Please return every line of the material verbatim and skip any images.

╭──

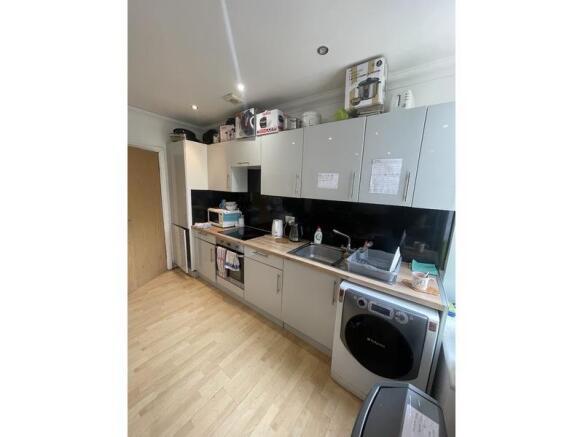 5 bedroom Flat for rent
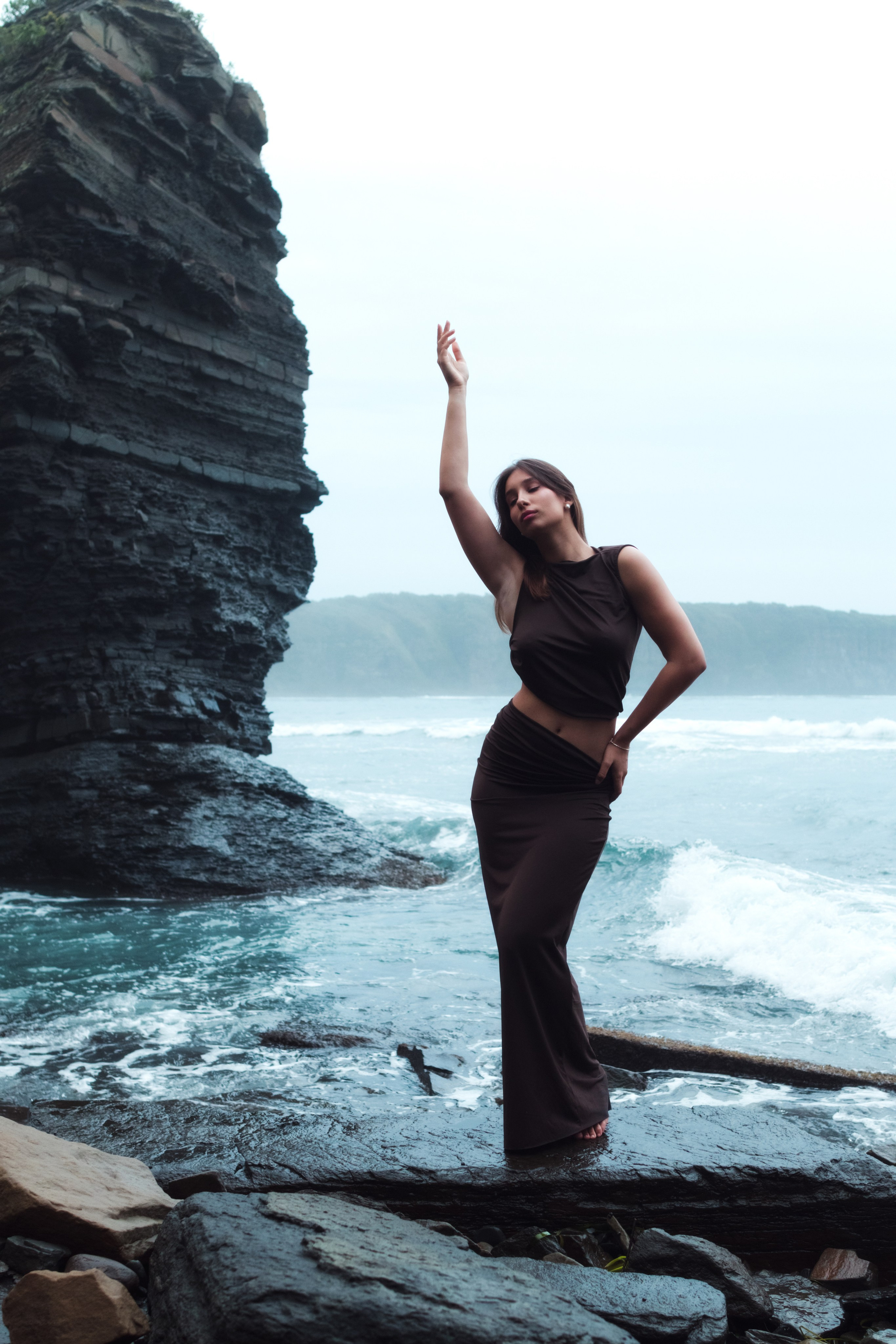 Уличная художественная фотосессия с девушкой в морской бухте рядом с Владивостоком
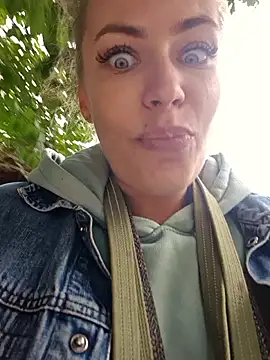 Keli Jessi online show from 25, 9, 2025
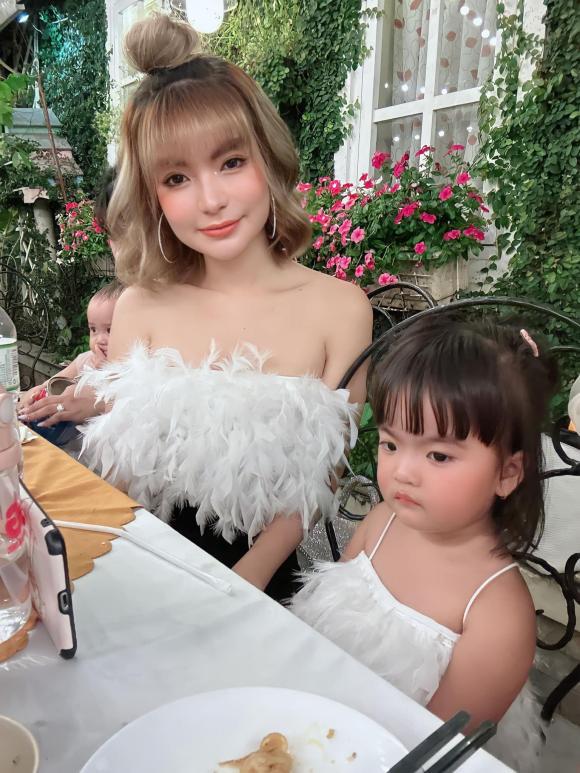 Gia đình Mạc Văn Khoa lên đồ dự tiệc, ái nữ lại giật spotlight-13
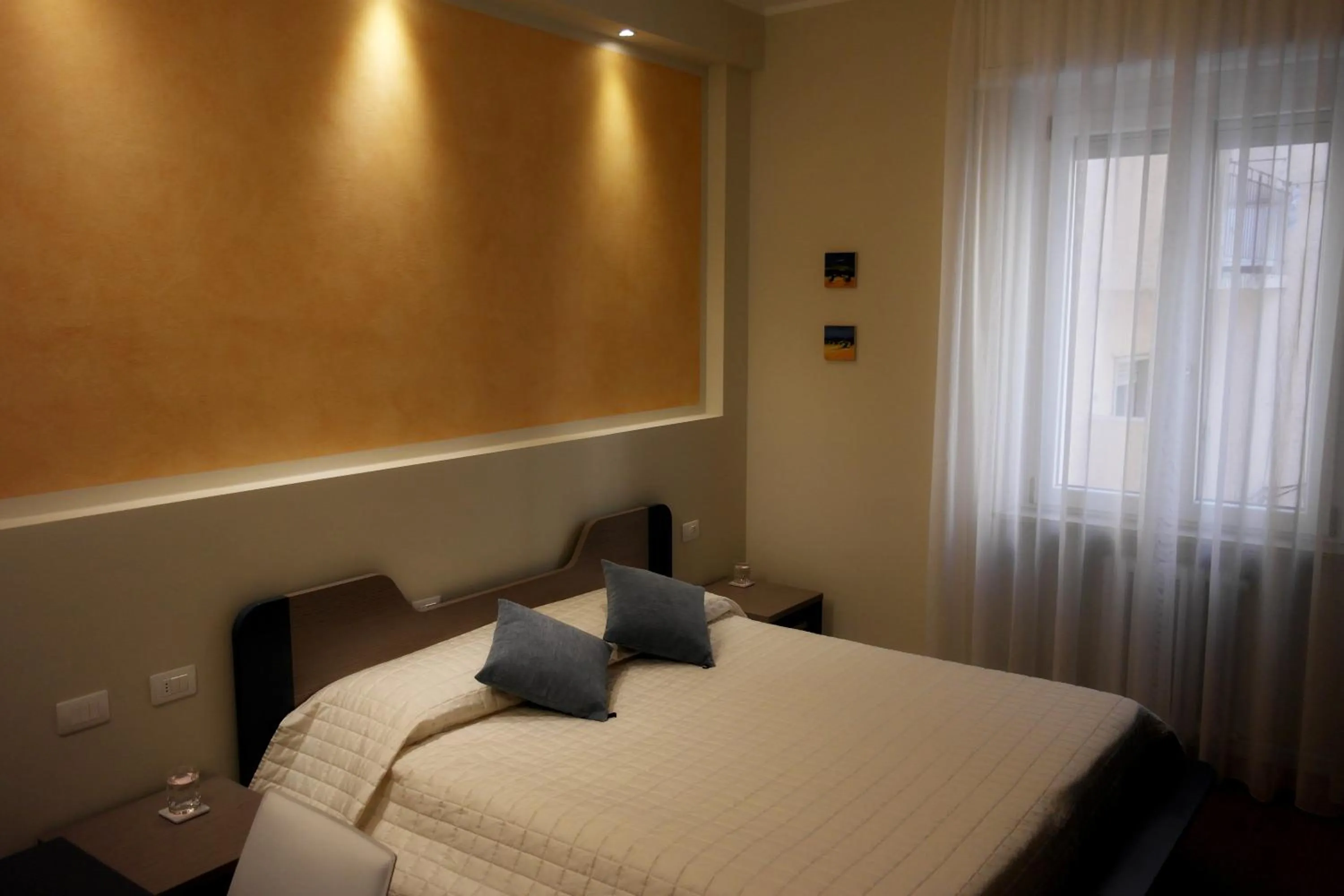 Photo of the whole room, Bed in By Fralillo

╰──

WRITTEN ANSWER:
 5 bedroom Flat for rent
 Уличная художественная фотосессия с девушкой в морской бухте рядом с Владивостоком
 Keli Jessi online show from 25, 9, 2025
 Gia đình Mạc Văn Khoa lên đồ dự tiệc, ái nữ lại giật spotlight-13
 Photo of the whole room, Bed in By Fralillo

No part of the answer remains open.